Doc Rivers Praises Danny Ainge’s Patience Amid Coach Firings Around NBA

by abournenesn

Feb 10, 2016

BOSTON — The 2015-16 NBA season hasn’t been kind to coaches and we’re still a few days away from the All-Star break.

The New York Knicks fired head coach Derek Fisher on Monday. He became the fifth head coach fired this season, joining David Blatt in Cleveland, Jeff Hornacek in Phoenix, Kevin McHale in Houston and Lionel Hollins in Memphis. Rumors have circulated that George Karl in Sacramento could be next.

Los Angeles Clippers head coach Doc Rivers doesn’t have to worry about being fired. His Clippers occupy the No. 4 seed in a tough Western Conference entering Wednesday night’s game against the Boston Celtics at TD Garden. They have gone 18-4 since their best player, Blake Griffin, left the lineup with an injury after Christmas.

Still, he’s not happy with what’s going on regarding coach firings around the league.

“I’m almost raw to it,” Rivers said Wednesday at the Clippers’ morning shootaround. “Like I said, I was lucky — I hate these firings where a team is rebuilding and at the beginning of the rebuild, they come to the coach and say we’re going to lose some games here, we want you to hang in here. And then right when the heat starts, they fire the guy.”

Most of the coach firings reek of impatience. Fans want results and they don’t want to wait. Owners and general managers are guilty of being impatient and making foolish coaching decisions, too, and Rivers praised the Celtics for having the patience to stick with the plan leading up to their 2008 championship.

“I say it about (Celtics president of basketball operations) Danny Ainge every day — the more we lost, the more he came in and apologized to me and said, ‘hey, hang in there,’ ” Rivers said. “Danny was the guy telling me to hang in there, and ‘we’re going to get this right, we’re going to get you a team, we’re going to get you players.’

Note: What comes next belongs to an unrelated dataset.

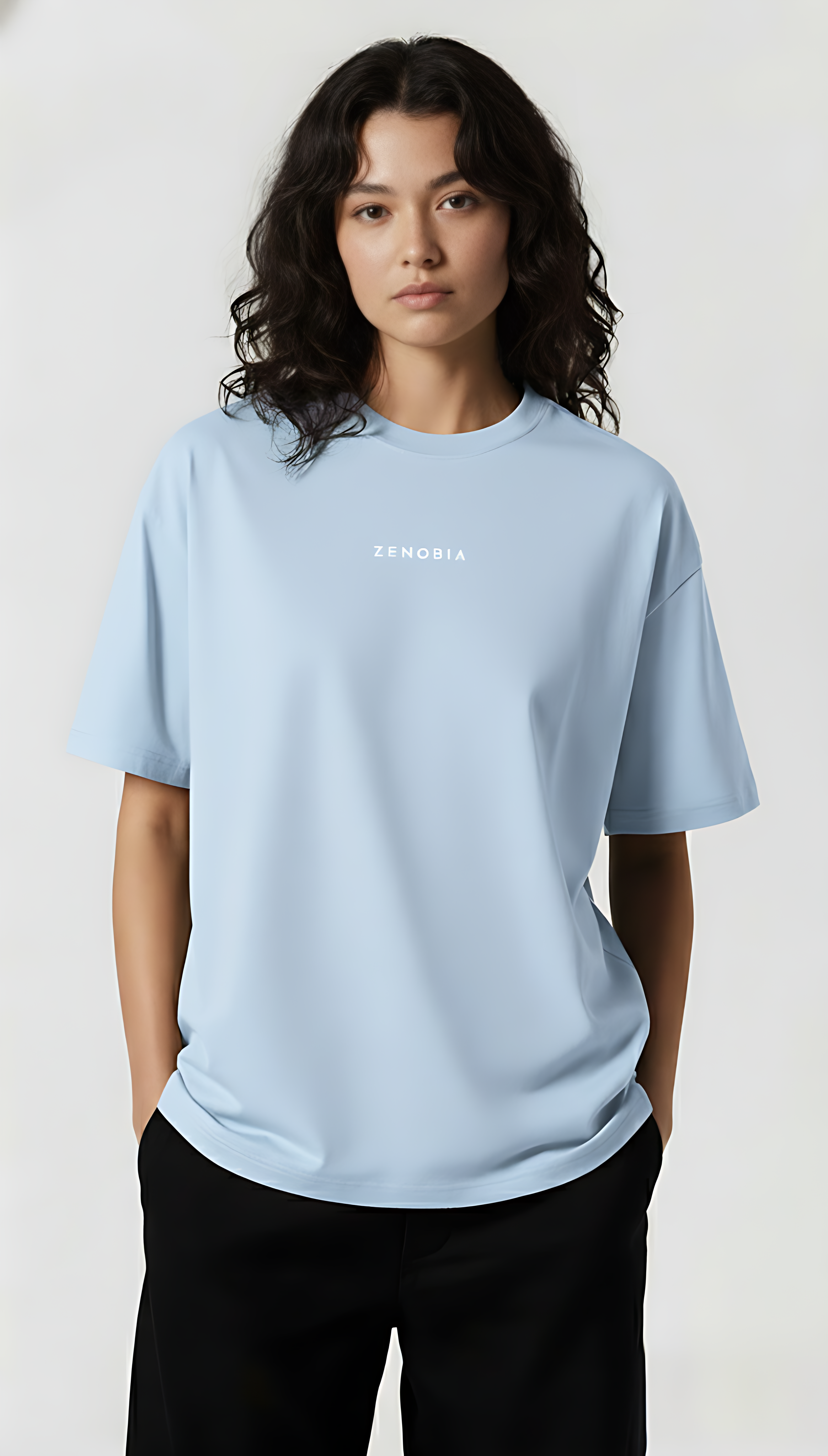 Unisex Oversized French Terry T-Shirt — Pastel Embroidery Edition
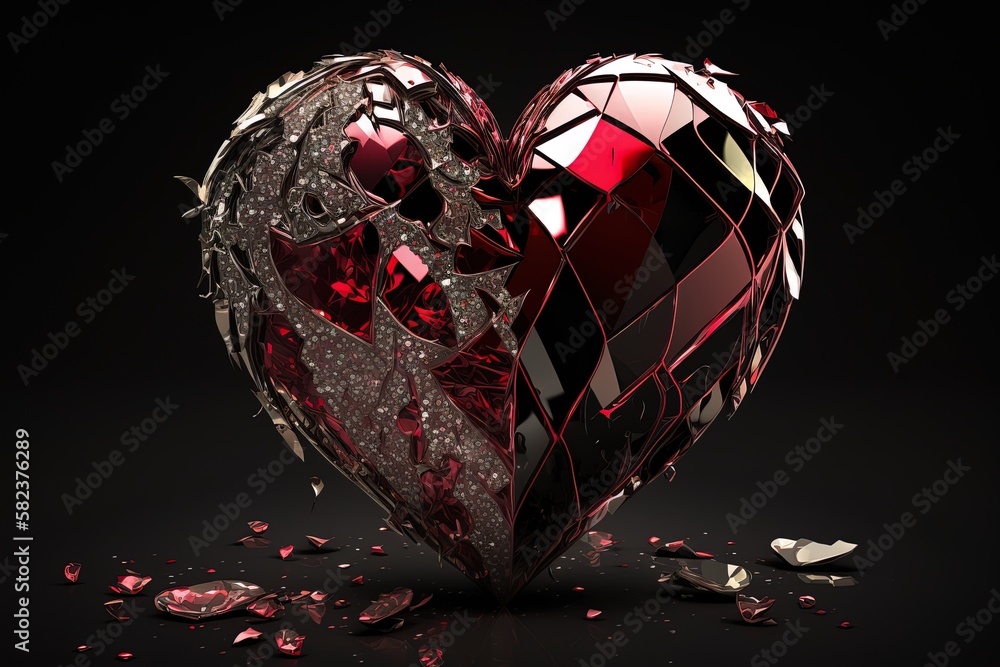 Poster ruby and diamond shattered heart on a black backdrop. generative ai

“And that tells you you’re working with the right guy. When you see these other situations where guys are getting fired, where they start the same way, and then when the heat starts they bail on the coach. It is what it is, but you don’t like it, from my perspective. It’s bad for my profession. I don’t enjoy it.”

Rivers made the playoffs but lost in the first round in his first season in Boston. The next two seasons were painful, as the Celtics struggled to a 33-49 record in 2005-06 and bottomed out at 24-58 in 2006-07. Despite all of the losing, Ainge and the Celtics’ ownership group knew Rivers was a quality coach, and that patience was rewarded the next season when Boston raised its record 17th NBA championship banner.

Rivers also got more out of the aging Paul Pierce-Ray Allen-Kevin Garnett trio than anyone would’ve imagined before that group broke up after the 2011-12 season when Allen left.

The lesson is that patience usually leads to good results. More teams should follow Ainge’s example, and not just rebuilding franchises. Contending teams could learn from this approach, too. Just look at the Miami Heat’s success when they decided not to fire Erik Spoelstra after LeBron James arrived in 2011.